*** Begin section ***

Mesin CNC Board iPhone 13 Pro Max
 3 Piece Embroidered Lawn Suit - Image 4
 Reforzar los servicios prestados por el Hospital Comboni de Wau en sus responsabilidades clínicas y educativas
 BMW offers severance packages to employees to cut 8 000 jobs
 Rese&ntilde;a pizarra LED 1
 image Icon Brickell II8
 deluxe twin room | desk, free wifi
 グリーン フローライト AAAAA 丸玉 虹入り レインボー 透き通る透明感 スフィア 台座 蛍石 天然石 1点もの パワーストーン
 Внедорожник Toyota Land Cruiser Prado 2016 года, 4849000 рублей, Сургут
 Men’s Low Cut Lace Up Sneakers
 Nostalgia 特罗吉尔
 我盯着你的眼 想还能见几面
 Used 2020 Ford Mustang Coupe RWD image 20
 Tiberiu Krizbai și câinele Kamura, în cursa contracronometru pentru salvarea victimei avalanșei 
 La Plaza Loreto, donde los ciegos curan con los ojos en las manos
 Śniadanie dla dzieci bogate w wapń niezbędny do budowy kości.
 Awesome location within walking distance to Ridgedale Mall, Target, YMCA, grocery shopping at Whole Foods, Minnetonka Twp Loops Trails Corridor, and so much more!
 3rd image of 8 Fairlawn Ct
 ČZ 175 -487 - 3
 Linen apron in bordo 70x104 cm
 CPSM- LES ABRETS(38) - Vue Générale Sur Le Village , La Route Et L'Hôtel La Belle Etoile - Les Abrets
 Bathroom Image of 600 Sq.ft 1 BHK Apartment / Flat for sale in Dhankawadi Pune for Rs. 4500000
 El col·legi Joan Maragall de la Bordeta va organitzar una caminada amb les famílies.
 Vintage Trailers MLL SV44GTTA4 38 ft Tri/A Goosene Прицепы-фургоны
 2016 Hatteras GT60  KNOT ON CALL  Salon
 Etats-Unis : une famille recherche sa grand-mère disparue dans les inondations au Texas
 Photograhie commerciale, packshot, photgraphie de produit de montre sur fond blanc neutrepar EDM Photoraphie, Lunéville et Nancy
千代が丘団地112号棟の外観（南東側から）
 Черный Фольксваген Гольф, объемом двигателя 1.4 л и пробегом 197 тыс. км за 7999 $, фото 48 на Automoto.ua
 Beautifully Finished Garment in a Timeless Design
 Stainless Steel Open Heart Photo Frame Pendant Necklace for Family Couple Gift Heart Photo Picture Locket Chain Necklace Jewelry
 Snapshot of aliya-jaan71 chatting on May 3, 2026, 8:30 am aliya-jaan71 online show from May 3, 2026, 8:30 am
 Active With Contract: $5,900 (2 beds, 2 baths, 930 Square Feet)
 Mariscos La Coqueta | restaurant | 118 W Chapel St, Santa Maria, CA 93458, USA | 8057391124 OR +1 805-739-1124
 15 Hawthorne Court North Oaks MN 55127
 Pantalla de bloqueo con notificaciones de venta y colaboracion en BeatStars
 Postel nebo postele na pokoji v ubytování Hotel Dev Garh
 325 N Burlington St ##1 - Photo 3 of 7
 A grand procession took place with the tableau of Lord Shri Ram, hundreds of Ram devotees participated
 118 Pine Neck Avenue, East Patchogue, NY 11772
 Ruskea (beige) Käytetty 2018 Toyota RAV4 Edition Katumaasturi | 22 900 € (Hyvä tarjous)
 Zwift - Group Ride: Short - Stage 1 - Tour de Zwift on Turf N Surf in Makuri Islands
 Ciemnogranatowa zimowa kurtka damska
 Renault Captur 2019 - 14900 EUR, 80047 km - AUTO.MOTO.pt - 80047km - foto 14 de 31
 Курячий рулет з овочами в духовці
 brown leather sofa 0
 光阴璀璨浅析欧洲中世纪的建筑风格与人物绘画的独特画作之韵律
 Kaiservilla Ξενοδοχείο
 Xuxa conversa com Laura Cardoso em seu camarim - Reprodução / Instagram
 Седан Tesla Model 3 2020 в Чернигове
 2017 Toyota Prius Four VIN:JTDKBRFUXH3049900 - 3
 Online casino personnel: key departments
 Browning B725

*** End section ***

Send back exactly the lines of the listing above starting at the one with "Tiberiu Krizbai și" and ending at the one with "Etats-Unis : une", inclusive, and no others.

> [Answer area]:
 Tiberiu Krizbai și câinele Kamura, în cursa contracronometru pentru salvarea victimei avalanșei 
 La Plaza Loreto, donde los ciegos curan con los ojos en las manos
 Śniadanie dla dzieci bogate w wapń niezbędny do budowy kości.
 Awesome location within walking distance to Ridgedale Mall, Target, YMCA, grocery shopping at Whole Foods, Minnetonka Twp Loops Trails Corridor, and so much more!
 3rd image of 8 Fairlawn Ct
 ČZ 175 -487 - 3
 Linen apron in bordo 70x104 cm
 CPSM- LES ABRETS(38) - Vue Générale Sur Le Village , La Route Et L'Hôtel La Belle Etoile - Les Abrets
 Bathroom Image of 600 Sq.ft 1 BHK Apartment / Flat for sale in Dhankawadi Pune for Rs. 4500000
 El col·legi Joan Maragall de la Bordeta va organitzar una caminada amb les famílies.
 Vintage Trailers MLL SV44GTTA4 38 ft Tri/A Goosene Прицепы-фургоны
 2016 Hatteras GT60  KNOT ON CALL  Salon
 Etats-Unis : une famille recherche sa grand-mère disparue dans les inondations au Texas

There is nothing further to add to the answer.